The flag of the United States Air Force was introduced in 1951 and consists of the U.S. Air Force's crest and shield, which itself comprises 13 white stars and the Department of the Air Force's coat of arms on a field of blue. The 13 stars represent the 13 original British American colonies, the three star grouping at the top portray the three Departments of the Department of Defense (Army, Navy, and Air Force). The crest includes the North American bald eagle (the national bird of the US), the cloud formation depicts the creation of a new firmament, and the wreath, composed of six alternate folds of silver and blue, incorporates the colors of the basic shield design.

History
The flag was officially adopted by President Harry S. Truman on 26 March 1951. Elements of the flag's design are used on the Department of the Air Force seal as well as the U.S. Air Force's service mark. Dorothy G. Gatchell designed the flag itself, whereas the crest and shield that are featured on it were designed by Arthur E. Dubois. The flag's design has remained unchanged since its introduction in 1951.

Design
There are two differently-sized variants of the flag that are used officially.
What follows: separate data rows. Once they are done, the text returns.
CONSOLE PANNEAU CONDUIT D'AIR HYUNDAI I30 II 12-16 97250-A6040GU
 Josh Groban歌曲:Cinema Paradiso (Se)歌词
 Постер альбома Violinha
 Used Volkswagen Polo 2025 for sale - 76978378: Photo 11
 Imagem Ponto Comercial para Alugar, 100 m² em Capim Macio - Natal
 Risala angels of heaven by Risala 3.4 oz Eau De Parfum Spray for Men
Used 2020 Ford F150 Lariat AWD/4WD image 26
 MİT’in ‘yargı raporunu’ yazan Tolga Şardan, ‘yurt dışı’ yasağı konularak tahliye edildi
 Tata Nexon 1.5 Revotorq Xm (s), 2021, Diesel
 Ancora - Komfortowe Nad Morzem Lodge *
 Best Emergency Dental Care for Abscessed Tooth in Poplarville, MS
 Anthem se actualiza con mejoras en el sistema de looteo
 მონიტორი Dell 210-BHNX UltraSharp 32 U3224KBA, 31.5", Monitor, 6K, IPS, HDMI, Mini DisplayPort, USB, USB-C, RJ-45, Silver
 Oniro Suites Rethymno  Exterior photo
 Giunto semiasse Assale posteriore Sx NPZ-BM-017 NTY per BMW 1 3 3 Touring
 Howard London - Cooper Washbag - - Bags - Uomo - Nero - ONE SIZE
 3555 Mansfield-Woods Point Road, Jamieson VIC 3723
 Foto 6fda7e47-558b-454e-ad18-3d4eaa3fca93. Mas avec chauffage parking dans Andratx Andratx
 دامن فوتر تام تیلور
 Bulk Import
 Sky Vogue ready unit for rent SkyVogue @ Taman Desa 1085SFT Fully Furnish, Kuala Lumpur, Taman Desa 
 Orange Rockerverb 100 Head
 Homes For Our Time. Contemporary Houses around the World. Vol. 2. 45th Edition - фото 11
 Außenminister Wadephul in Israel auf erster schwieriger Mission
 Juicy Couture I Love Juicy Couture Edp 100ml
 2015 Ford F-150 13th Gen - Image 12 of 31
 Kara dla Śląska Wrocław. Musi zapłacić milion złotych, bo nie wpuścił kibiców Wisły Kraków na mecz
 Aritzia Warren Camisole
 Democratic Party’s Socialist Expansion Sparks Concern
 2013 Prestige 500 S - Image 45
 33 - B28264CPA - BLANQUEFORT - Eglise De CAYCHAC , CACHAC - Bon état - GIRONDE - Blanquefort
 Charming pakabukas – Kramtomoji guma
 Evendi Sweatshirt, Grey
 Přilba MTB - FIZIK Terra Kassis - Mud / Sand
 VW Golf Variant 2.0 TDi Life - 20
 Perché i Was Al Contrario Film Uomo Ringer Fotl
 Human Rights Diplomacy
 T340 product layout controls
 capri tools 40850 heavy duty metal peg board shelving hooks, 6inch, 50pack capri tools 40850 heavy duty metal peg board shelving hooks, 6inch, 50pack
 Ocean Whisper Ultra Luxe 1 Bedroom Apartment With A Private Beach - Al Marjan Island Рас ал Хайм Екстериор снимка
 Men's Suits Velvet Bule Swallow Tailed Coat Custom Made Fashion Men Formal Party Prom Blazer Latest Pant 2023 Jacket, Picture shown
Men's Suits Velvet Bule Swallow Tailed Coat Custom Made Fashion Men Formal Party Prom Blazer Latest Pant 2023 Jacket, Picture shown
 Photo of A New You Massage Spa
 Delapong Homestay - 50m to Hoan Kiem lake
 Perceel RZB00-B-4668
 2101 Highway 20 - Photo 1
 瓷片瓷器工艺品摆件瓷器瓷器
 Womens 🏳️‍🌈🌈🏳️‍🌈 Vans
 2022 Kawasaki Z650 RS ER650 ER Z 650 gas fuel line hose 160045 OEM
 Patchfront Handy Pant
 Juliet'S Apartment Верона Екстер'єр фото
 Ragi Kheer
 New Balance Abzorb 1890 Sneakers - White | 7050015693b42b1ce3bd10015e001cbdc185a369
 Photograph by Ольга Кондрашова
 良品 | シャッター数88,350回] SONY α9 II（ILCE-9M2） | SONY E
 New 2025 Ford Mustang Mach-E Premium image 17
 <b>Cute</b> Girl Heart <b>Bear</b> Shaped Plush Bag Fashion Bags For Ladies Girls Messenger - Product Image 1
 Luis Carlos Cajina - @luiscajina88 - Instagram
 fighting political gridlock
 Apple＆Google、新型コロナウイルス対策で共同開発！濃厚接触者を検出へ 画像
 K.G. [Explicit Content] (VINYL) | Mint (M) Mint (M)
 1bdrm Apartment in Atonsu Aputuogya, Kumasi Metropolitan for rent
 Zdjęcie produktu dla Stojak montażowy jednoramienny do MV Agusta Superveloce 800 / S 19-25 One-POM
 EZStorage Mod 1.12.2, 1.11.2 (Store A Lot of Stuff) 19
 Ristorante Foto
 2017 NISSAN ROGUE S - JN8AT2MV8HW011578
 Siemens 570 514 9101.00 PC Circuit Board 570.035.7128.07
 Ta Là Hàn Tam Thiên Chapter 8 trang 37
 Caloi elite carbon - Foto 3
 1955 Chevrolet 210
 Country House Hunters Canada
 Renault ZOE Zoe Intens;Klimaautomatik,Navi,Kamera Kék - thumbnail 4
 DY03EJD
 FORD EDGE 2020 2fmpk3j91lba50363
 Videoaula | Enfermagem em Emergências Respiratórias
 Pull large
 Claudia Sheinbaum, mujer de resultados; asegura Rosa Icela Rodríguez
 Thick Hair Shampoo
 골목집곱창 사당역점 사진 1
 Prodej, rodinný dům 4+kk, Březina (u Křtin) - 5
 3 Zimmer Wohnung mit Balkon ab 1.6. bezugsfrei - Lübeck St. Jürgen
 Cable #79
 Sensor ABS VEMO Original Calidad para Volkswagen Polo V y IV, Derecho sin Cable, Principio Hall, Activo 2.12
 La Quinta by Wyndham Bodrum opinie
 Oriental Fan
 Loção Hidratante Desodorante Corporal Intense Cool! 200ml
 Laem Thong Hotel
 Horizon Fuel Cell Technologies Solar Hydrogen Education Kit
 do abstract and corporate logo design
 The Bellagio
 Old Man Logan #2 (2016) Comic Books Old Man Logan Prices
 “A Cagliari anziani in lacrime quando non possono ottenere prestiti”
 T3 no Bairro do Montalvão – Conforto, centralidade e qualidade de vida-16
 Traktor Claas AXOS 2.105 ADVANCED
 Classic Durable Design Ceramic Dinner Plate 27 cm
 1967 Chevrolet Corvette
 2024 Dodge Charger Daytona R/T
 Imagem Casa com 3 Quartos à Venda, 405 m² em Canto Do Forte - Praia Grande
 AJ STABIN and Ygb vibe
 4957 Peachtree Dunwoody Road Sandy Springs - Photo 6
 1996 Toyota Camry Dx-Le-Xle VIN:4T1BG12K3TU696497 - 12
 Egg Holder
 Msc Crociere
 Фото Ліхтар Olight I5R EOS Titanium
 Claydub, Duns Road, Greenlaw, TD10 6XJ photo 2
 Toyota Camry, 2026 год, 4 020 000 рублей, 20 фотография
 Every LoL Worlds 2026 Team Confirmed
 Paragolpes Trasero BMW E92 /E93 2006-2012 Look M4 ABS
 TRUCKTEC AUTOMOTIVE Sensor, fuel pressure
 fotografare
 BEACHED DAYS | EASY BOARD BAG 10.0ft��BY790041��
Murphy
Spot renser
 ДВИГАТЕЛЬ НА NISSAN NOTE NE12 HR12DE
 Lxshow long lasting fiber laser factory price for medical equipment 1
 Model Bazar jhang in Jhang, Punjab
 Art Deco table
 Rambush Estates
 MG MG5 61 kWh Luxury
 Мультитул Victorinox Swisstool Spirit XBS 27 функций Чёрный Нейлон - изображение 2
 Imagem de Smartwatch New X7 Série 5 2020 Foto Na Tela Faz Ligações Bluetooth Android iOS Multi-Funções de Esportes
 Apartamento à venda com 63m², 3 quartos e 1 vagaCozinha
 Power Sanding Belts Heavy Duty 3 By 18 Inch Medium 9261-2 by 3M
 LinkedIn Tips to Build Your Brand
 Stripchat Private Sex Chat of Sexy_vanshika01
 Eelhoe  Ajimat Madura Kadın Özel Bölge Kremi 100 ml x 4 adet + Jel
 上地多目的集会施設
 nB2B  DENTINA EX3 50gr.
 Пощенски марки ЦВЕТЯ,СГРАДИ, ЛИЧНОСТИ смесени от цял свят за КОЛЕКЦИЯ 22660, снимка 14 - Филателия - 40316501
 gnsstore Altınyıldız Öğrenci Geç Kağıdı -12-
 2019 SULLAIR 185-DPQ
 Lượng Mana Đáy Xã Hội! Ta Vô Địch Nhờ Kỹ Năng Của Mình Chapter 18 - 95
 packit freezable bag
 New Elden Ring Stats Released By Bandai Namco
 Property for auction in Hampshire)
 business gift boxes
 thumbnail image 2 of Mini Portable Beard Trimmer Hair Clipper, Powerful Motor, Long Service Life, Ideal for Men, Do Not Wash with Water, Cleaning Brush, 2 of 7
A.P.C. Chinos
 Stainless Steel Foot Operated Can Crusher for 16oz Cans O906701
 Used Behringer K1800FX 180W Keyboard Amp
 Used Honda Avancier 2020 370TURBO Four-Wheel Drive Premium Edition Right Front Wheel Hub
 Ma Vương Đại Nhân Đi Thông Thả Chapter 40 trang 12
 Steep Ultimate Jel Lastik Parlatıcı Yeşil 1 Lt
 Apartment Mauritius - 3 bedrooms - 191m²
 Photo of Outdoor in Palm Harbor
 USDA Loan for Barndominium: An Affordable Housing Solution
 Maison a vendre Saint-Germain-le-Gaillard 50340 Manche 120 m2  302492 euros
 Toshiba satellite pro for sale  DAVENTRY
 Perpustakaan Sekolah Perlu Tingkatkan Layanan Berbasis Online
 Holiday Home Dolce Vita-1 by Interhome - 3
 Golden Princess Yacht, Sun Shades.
A large one with an aspect ratio of 33:26, which also serves as the flag of the U.S. Air Force's headquarters element, and a smaller-sized variant with an aspect ratio of 4:3. The larger variant, known officially as the "Ceremonial Departmental Flag" and also referred to as being "Ceremonial"-sized, can be adorned with a 2-inch-wide fringe and campaign streamers, whereas the smaller variant may not be adorned with campaign streamers.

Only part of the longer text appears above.